Talvolta prendo i miei canguri, tutti quanti i miei canguri e li dispongo attentamente su due file di otto quadratini l’una. Poi li scelgo col cursore, finché non si ode quella voce, FIGHT! C’è un ordine preciso nell’armata dei macropodidi, potenti marsupiali; schiere di studenti dediti all’apprendimento della boxe, come altrettanti monaci di Shaolin, la piovigginosa; poi giovani virgulti, quadri destinati a realizzare grandi cose; e soprattutto, sopra a tutti, gli spietati e intrepidi Dominatori. Sono pochi, tra gli sballonzolanti sgherri coi piedoni, a poter vantare la corona di conquistatore del torneo. Che ricade solamente sulla testa di chi si è saputo imporre sopra il ring caduceo della sua esistenza.

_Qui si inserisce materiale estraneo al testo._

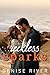 Reckless Sparks (Steamy Small Town Romances)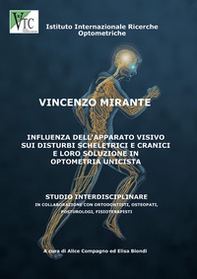 Influenza dell'apparato visivo sui disturbi scheletrici e cranici e loro soluzione in optometria unicistà - Librerie.coop Influenza dell'apparato visivo sui disturbi scheletrici e cranici e loro soluzione in optometria unicistà - Librerie.coop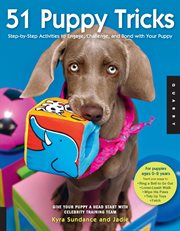 51 puppy tricks: step-by-step activities to engage, challenge, and bond with your puppy cover image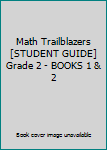 Paperback Math Trailblazers [STUDENT GUIDE] Grade 2 - BOOKS 1 & 2 Book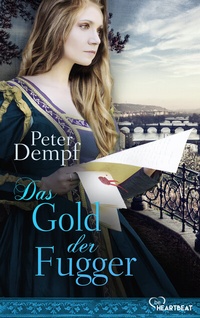 Abbildung von: Das Gold der Fugger - beHEARTBEAT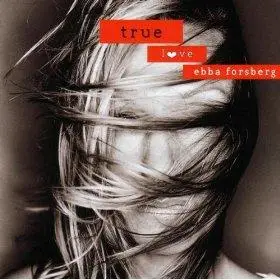 Ebba Forsberg - True Love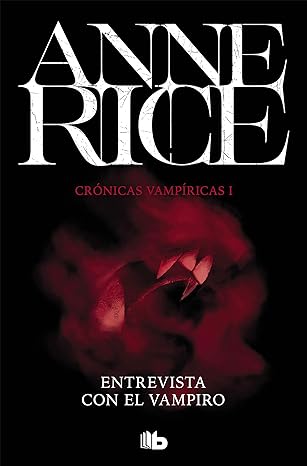 «Entrevista con el vampiro» de Anne Rice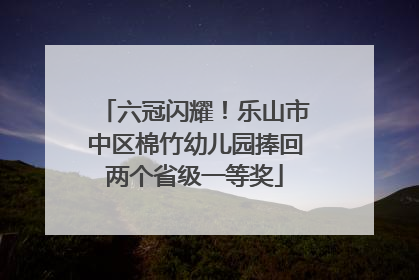 六冠闪耀！乐山市中区棉竹幼儿园捧回两个省级一等奖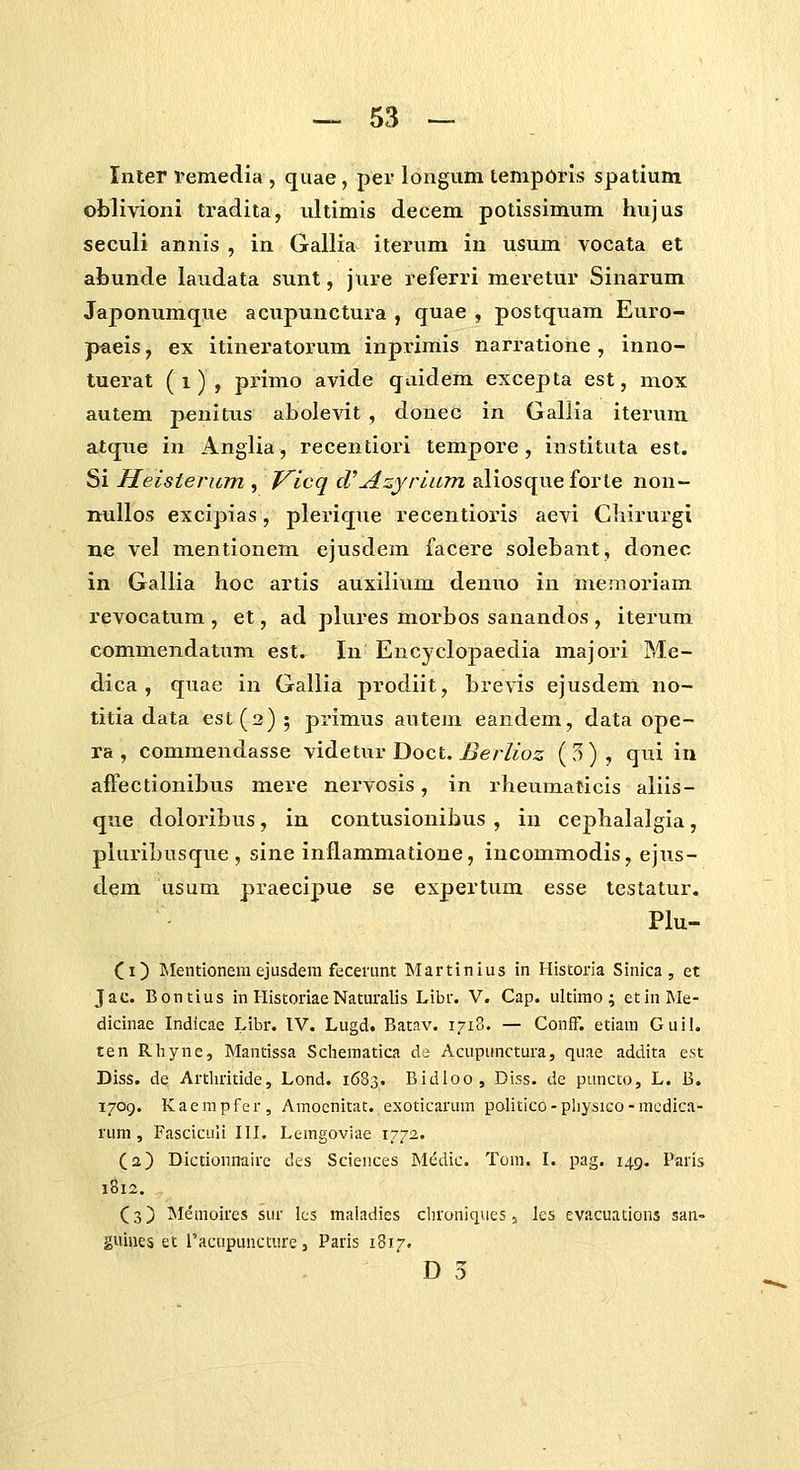 — 53 — Inter 1'emedia , qiiae, per longum tempdris spatium oblivioni tradita, ultimis decem potissimum hujus seculi annis , in Gallia iterum in usum vocata et abunde laudata sunt, jure referri meretur Sinarum Japonumque acupunctura , quae , postquam Euro- pfieis, ex itineratoi-um inprimis narratione , inno- tuerat (i), primo avide qaidem excepta est, mox autem penitus abolevit , donec in Gallia iterum atque in Angiia, recentiori tempore, instituta est. Si Heisierum , Vlcq d''Azyrliim aliosqueforte non- nuUos excipias, plerique recentioris aevi Cliirurgi ne vel mentionem ejusdem facere solebant, donec in Gallia hoc artis auxilium denuo in memoriam revocatum , et, ad plures morbos sanandos , iterum commendatum est. In Encyclopaedia majori Me- dica , quae in Gallia prodiit, brevis ejusdem no- titia data est(2); primus autem eandem, data ope- ra, commendasse videtur Doct. jSerZeo^ («^)? ^^^ ^^ affectionibus mere nervosis, in rheumaticis aliis- que doloribus, in contusionibus , in cephalalgia, pluribusque , sine inflammatione, iucommodis, ejtis- dem usum praecipue se expertum esse testatur. Plu- (i) Mentioneni ejusdem fecerunt Martinius in Historia Sinica, et Jac. Bontius in Historiae Naturalis Libr. V. Cap. ultimo; etinMe- dicinae Indicae Libr. IV. Lugd. Batav. I7i8. — Conff. etiam Guil. ten Rhyne, Mantissa Scliematica de Acupunctura, quae addita est Diss. de Arthritide, Lond. 1683. Bidloo, Diss. de puncto, L. B. 1709. Kaempfer, Araocnitat. exoticarum politico-physico-mcdica- rum , FascicLiIi III. Leragoviae 1772. (a) DictioniTairc des Sciences Medic. Tom. I. pag. 149. Paris 1812. (3) Memoires sur lcs mahidies chroniques 3 Jcs evacuadoiis san- guiiies et l'acnpuncture 3 Paris 1817.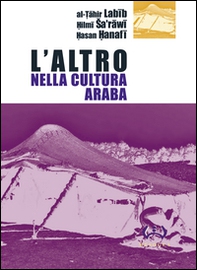 L'altro nella cultura araba - Librerie.coop L'altro nella cultura araba - Librerie.coop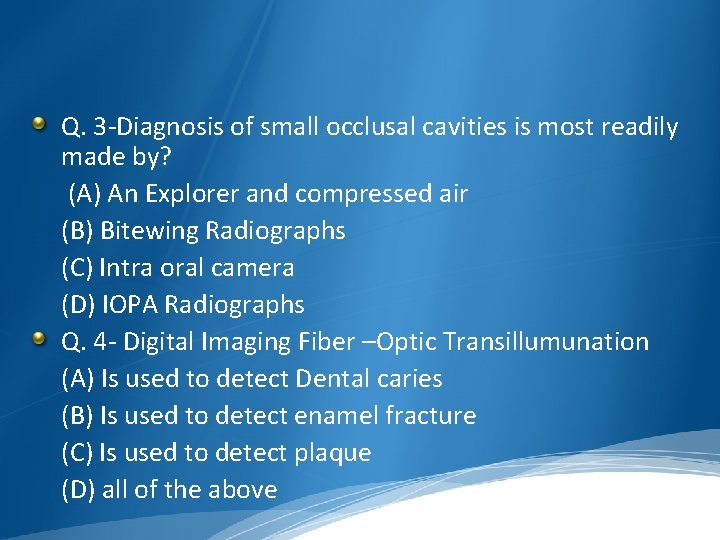 Q. 3 -Diagnosis of small occlusal cavities is most readily made by? (A) An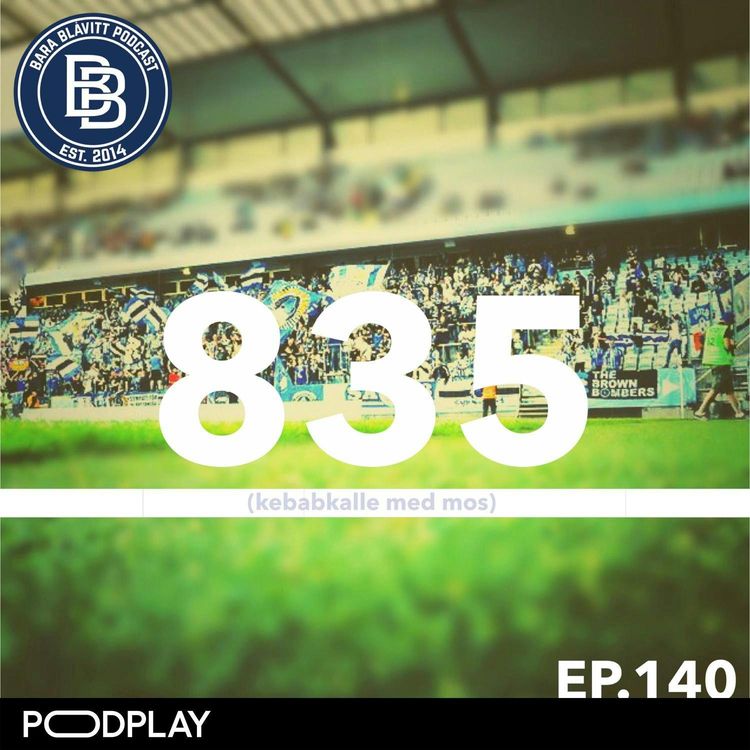 cover art for 140 – 2018: 835 (Kebabkalle med mos)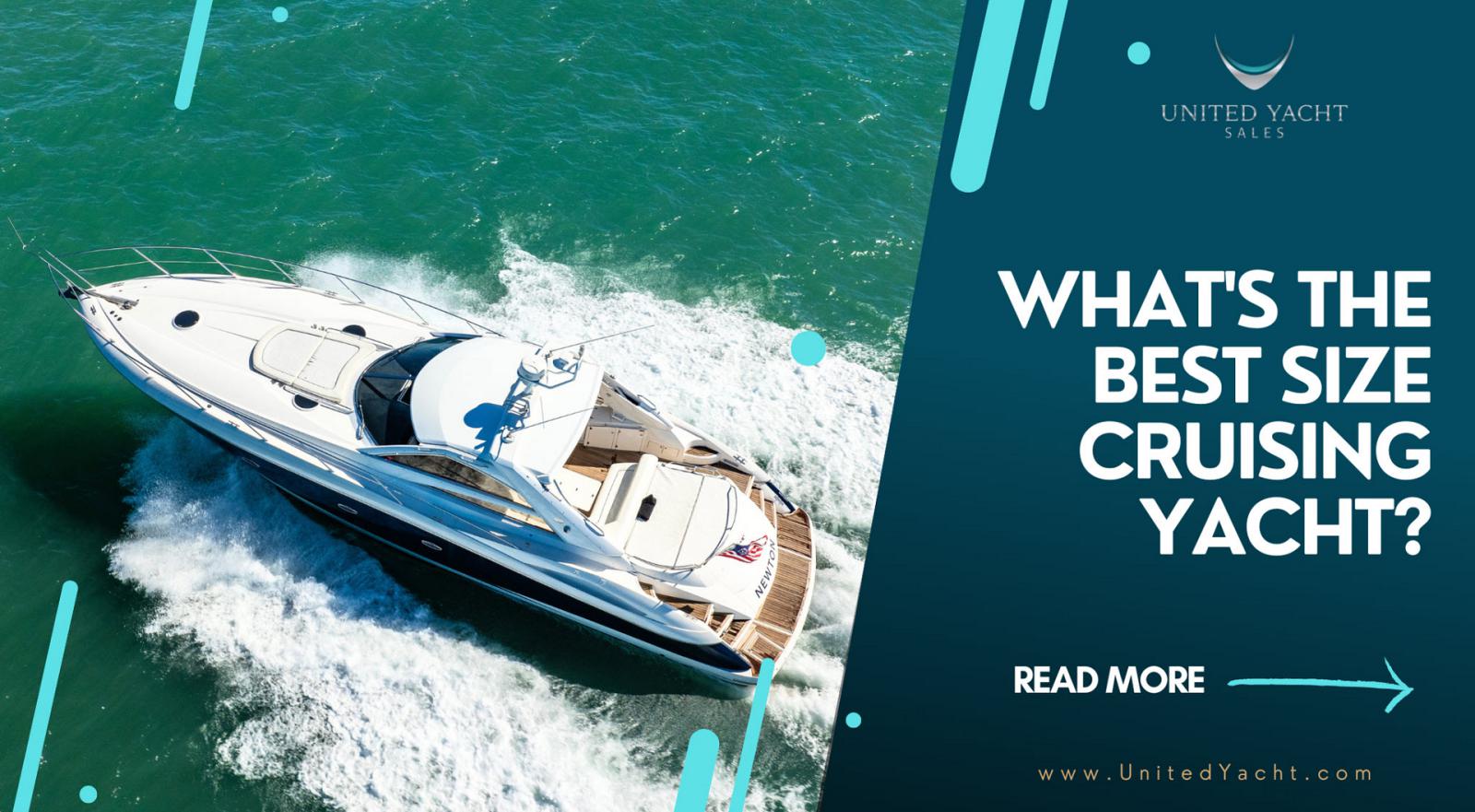Photo of What Is The Best Size Cruising Yacht?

Due ragioni, soprattutto: l’amore di una don-gura. O l’impiego esclusivo di una pozza d’acqua, se ci si trova ben lontani dall’umidità del mare. È l’usanza, lo stilema. Non è chiara la ragione per cui certe volte, il combattimento tra i canguri si trasformi in un complesso rituale, fatto di pose calibrate, gomiti raccolti e veri e propri haymakers, pugni degni del possente Cassius, detto qualche volta Alì. Piuttosto che cercar di sottomettere il nemico, come usano fare i felini o i nostri amici cani, costoro inscenano l’epica storia degna di uno show televisivo. Inizia così: con un colpetto, dato con la zampa anteriore destra, sul collo del prescelto. A quel punto, possono succedere due cose. 1: la sfida viene rifiutata, perché il ricevente si considera incapace di raccoglierla, o in alternativa, è di gran lunga più imponente di quel presuntuoso. Ebbene si, i canguri hanno una certa considerazione per il prossimo troppo sicuro di se, e se possibile, evitano d’infierire. O per meglio dire, riconoscono i meriti sportivi del fair play, e come pugili ante-litteram, si attengono ai principi di categoria. Ma se il guanto artigliato della sfida viene, metaforicamente, distanziato dal terreno, allora 2…
Non c’è wrestling, lotta greco-romana o taekwondo che tenga. Non c’è neanche l’arbitro, tenetemi. Quello che invece salta facilmente all’occhio della mente, è l’invisibile presenza di sei tasti, due manopole in totale: come negli antichi cabinati, del 2000 d.C, in cui Tekken si faceva grande, oltre i limiti di un singolo paese. C’era il karateka giapponese, ovviamente, come pure il thailandese esperto nel muay thai, vedi copione collaudato. In un trionfo di sterotipi, validi fin dall’epoca immediatamente precedente, il russo era massiccio. L’americano, carismatico. E l’australiano, che ve lo dico a fare. Era Roger, dal manto marroncino chiaro! L’esperimento perfettamente riuscito del Dr. Bosconovitch, con coda lunga, orecchie dritte e un ottimo marsupio. Dentro al quale, qualche volta, figurava il suo secondo (per un gran totale di quattro temibili guantoni, due grandi, due più  piccolini). E un tripudio di complementari combo, da studiare.